Similarly, the structure or "shape" of covalent molecules is crucial to their properties too.
Structures of covalent molecules are often more complex than the regular lattice patterns of an ionic compound.
Unlike ionic compounds, MANY, MANY many different molecules can be made by combining the same non-metals.
B & H result in BH2, BH3, B2H5, etc.
(contrast this with Ca and F, for example)
This makes the rules for naming covalent compounds a bit different than for ionic compounds…
0) some compounds just make no sense (ammonia, water, nitric oxide, methane, hydrazine)
plus, anything in its elemental form (N2, O2, H2, etc.) keeps the name of the element
1) suffix –ide replaces the latter element’s usual suffix (same as ionic compounds)

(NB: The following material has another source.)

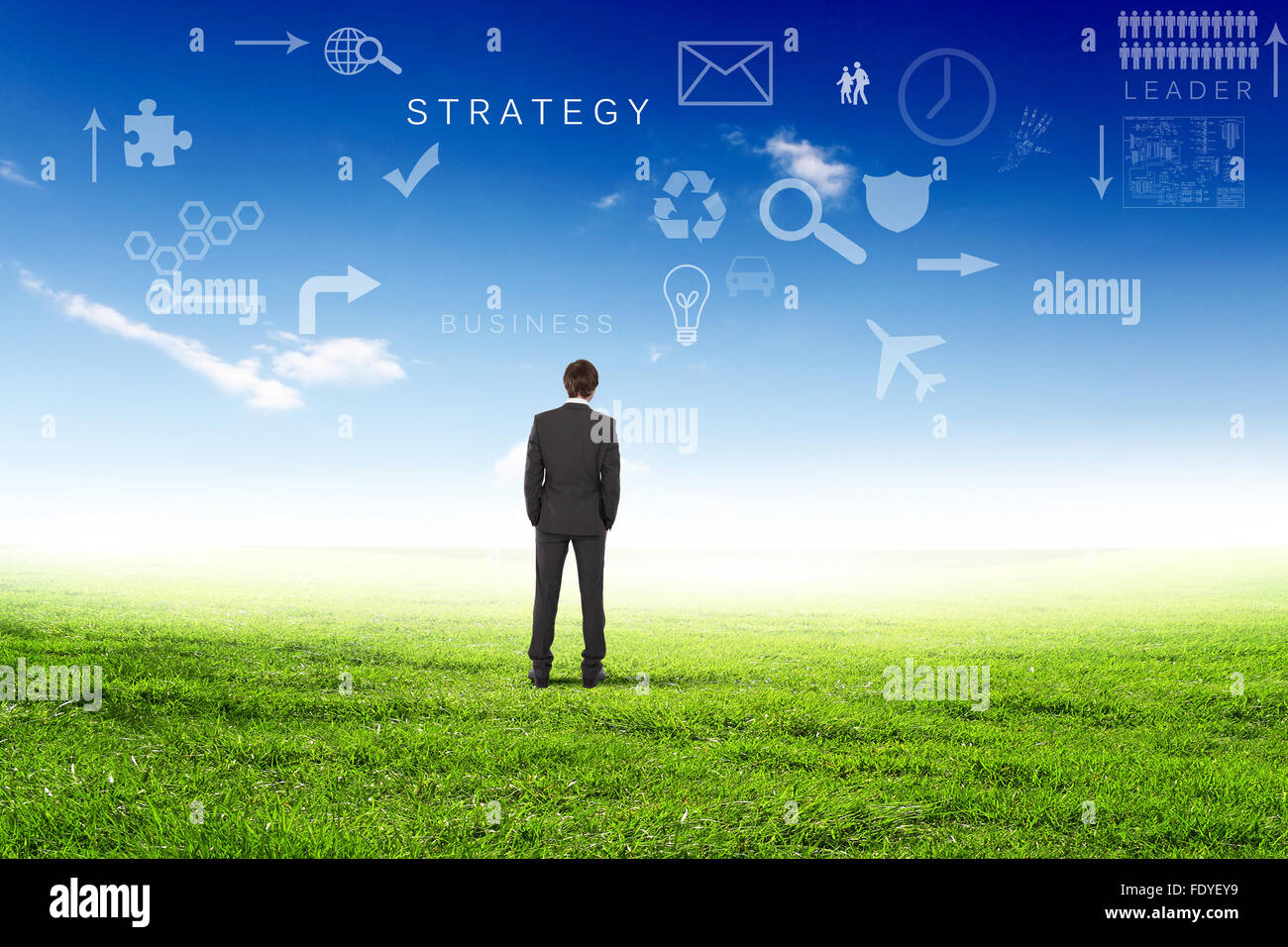 Giovane imprenditore outdoor con simboli di business sul fondo cielo Foto Stock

2) prefix indicating number is added to each atom
note: prefix “mono” in the leading element is eliminated: nitrogen dioxide, sulfur monoxide, dinitrogen oxide
mono-, di-, tri-, tetra-, penta-, hexa-, hepta-, octa-, etc…
* exeptions: some multiple vowels removed: dinitrogen pentoxide
3) covalent compounds in same order as written in abbreviation
lower group # before higher group # (like ionic compounds: metal before non-metal)
examples: carbon dioxide, boron trifluoride
* exception: halogens before oxygen: chlorine dioxide
when in the SAME group, higher period number before lower period number
examples: sulfur dioxide, silicon carbide
CREATING MODELS OF COVALENT COMPOUNDS
As with everything so far, we generate models with predictive power. We will see 2 or 3 different models of varying complexity and sophistication used to describe covalently bonded molecules.
First model of covalent bonding: LEWIS DOT STRUCTURES or THE OCTET RULE
What can this do for us?
1. Generate molecular formulas (how do different elements combine to form compounds?)
2. First step toward understanding molecular structure of non-ionic (covalent) molecules.
3. BUT – this is a deeply flawed model (overly simple)
4. (Don’t worry - we’ll get on to more detailed, better models soon!)